Il cielo in una stanza. Sono le parole della canzone di Gino Paoli le prime che si ascoltano all’apertura del sipario su un palco cosparso di foglie morte. In scena, nel piccolo teatro di Buti, due attori, Giovanna Daddi e Dario Marconcini, siedono di spalle l’una accanto all’altro, davanti all’immagine di una stanza che non ha soffitto viola e alberi infiniti ma il sentimento di un più intimo vissuto. Un interno domestico immerso in una luce crepuscolare, ingombro di cose familiari. Non è difficile immaginare sulle pareti attorno a loro gli oggetti raccolti nel corso di una vita, i loro viaggi, i loro incontri. Parlano, ricordano, interrogano l’altro ma senza ascoltarlo. Da parecchie stagioni Daddi e Marconcini si dedicano a una visitazione attenta del teatro di Harold Pinter, dei suoi testi minori si potrebbe dire, da Silenzio e Voci di famiglia ai cinque brevi testi proposti come «prove d’autore» nella lunga stagione creativa dell’autore britannico. Paesaggio risale al 1967, l’anno prima di Silenzio, e come quest’ultimo si colloca in una sorta di punto di flesso della scrittura di Pinter che volge a un teatro della memoria.
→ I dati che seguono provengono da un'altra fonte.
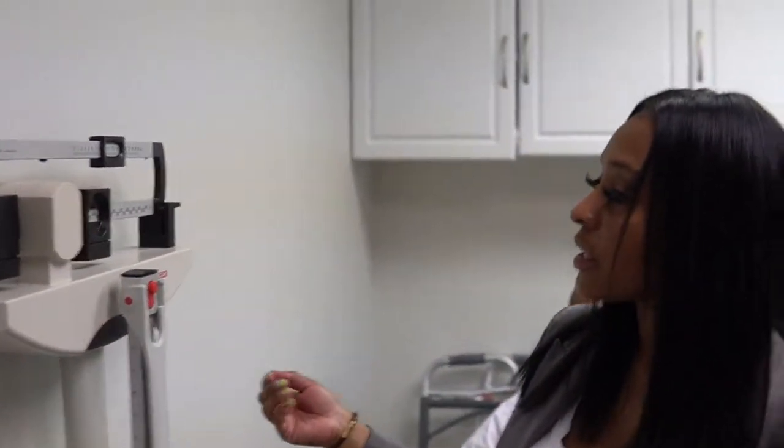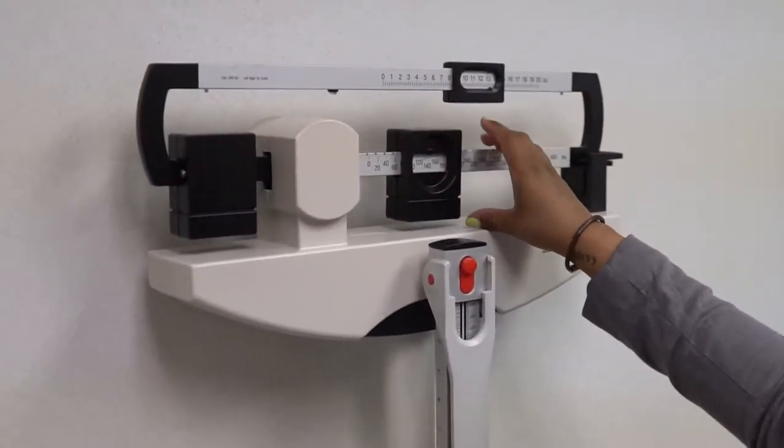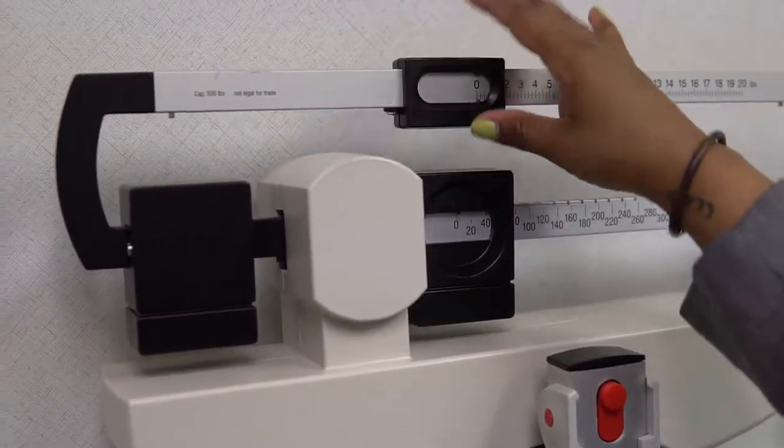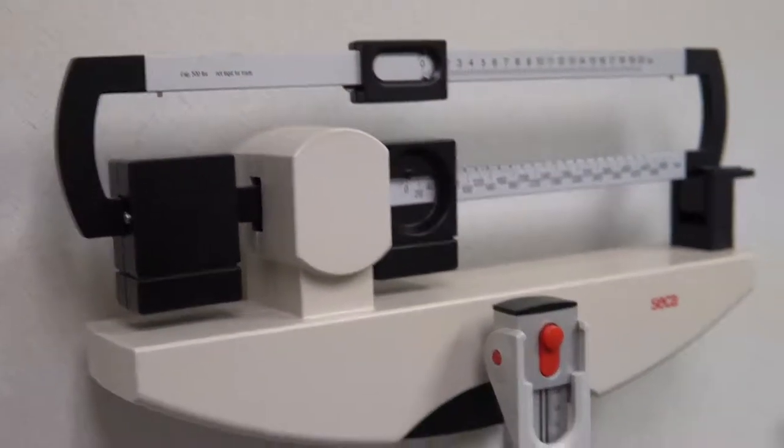Now we have this manual scale, so we're going to make sure it's on zero. I'm going to push all of the notches down to zero before we start to weigh him.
I PERSONAGGI hanno ancora un nome a copione, ma poi quel nome non viene mai pronunciato. E poi chissà se sono ancora personaggi. Quelli di Paesaggio sono ormai entrati in un oltre, sulla soglia di quel «chissàdove» di cui parlava un altro recente lavoro dei due attori. Lei parla di una giornata al mare, fra le dune, sdraiata accanto a lui. Ricorda di avergli chiesto se vorrebbe un figlio, un bambino tutto loro. Sono bellissima, si rassicura. Fa un po’ la Molly Bloom. Lui è più concreto, fin quasi alla volgarità. Di quel paesaggio marino ricorda piuttosto il bar dell’albergo e l’alterco con un cliente che non apprezzava la birra. Ma forse fra molti silenzi (le pause di Pinter ma anche quelle sollecitate dalla burbera lezione di Jean-Marie Straub, leggere ogni riga del testo come uno spartito musicale) conta il non detto, ciò che resta nascosto fra le parole, ciò che forse non si diranno più. Giunti alla fine, d’improvviso si voltano a guardarsi, come a un risveglio della coscienza. L’immagine della loro casa scompare, sostituta dai colori pallidi di un dipinto di un pittore russo della fine dell’Ottocento, Isaak Levitan. Si intitola Vladimirka, è un paesaggio tristissimo, una strada terrosa che si inoltra fra i campi verso un orizzonte lontano. Che sia questo il paesaggio che attende tutti? Allora Marconcini ha un soprassalto di vitalità. Indossa la mezza maschera della commedia dell’arte per ridare vita al Capitan Matamoro e andare incontro alla triste signora che avvolta in un mantello l’attende sulla strada. L’accenno di una farsa finale per non cedere alla commozione.